(Closed) Why do I feel like a B*tch??

posted 5 years ago in Emotional
Post # 3
Member
1765 posts
Buzzing bee
  • Wedding: September 2012

Aww, I would not be happy either! Earlier in our relationship Darling Husband had some issues doing what he said he was going to do. We did get into some fights about it. We had to have a few talks about it until it finally sank in.
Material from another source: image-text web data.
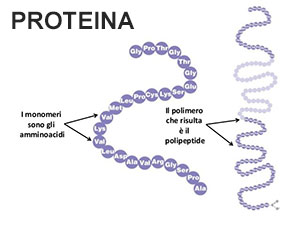 Proteina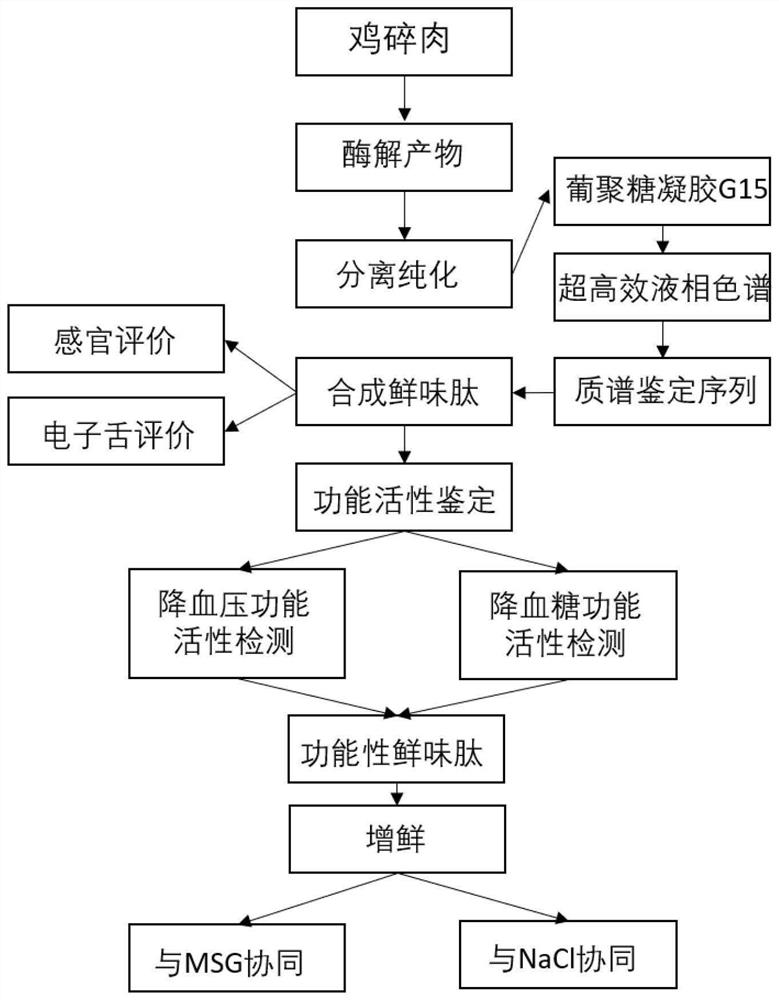 A kind of umami peptide and its preparation method and application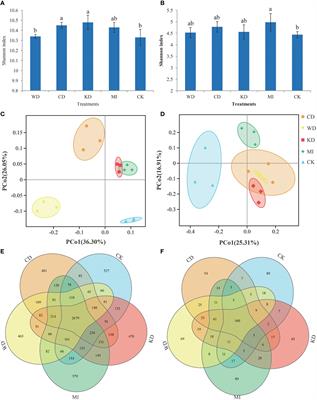 Daylily intercropping: Effects on soil nutrients, enzyme activities, and microbial community structure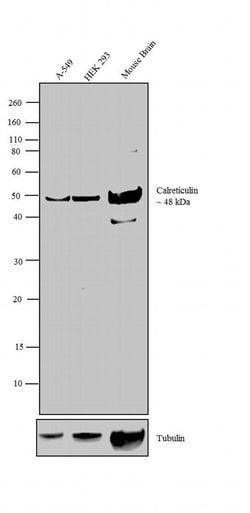 Invitrogen Calreticulin Polyclonal Antibody 100 &mu;L; Unconjugated:Antibodies,
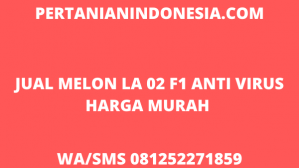 Jual LA 02 F1 Melon Anti Virus Favorit Petani Harga Murah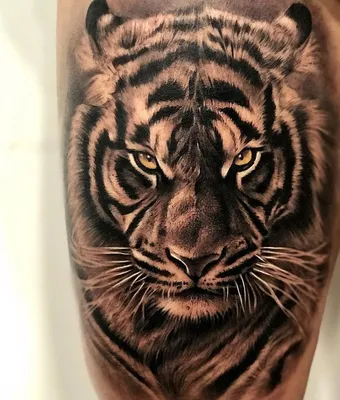 Hand Tattoo Animal - Viraltattoo | Tiger tattoo design, Tiger tattoo,  Animal tattoos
If he expects you to follow through when you say you’re going to do something, then he should do the same for you.

Post # 4
Member
9642 posts
Buzzing Beekeeper
  • Wedding: September 2012

@missjewels:  ((Hugs))  This is one of my pet peeves so I really feel for you.  I despise more than anything for someone to tell me they’re going to do something and then not follow through.  It’s easy enough to not say it in the first place.

However, from his side of it – chances are he had all good intentions of doing what he said.  At least, hopefully he did.  At the very least he should have immediately apologized to you for not doing what he’d said he would do.

Don’t let this go.  You don’t want to get into a situation where he does nothing and you pick up his slack; don’t set that precedent for your marriage.  You have just as many responsibilities outside the home as he does and you’re just as exhausted and short of energy.  Please talk to him about this.  Don’t let him squirm out of it.  You are in no way in the wrong, whatsoever. 

I have a feeling his response to your mentioning that he didn’t get anything done is because he felt guilty about it.  And rightly so!  Tell him you understand that from his point of view.  Tell him you know he’s just as tired and you greatly appreciate all of his efforts to help out. 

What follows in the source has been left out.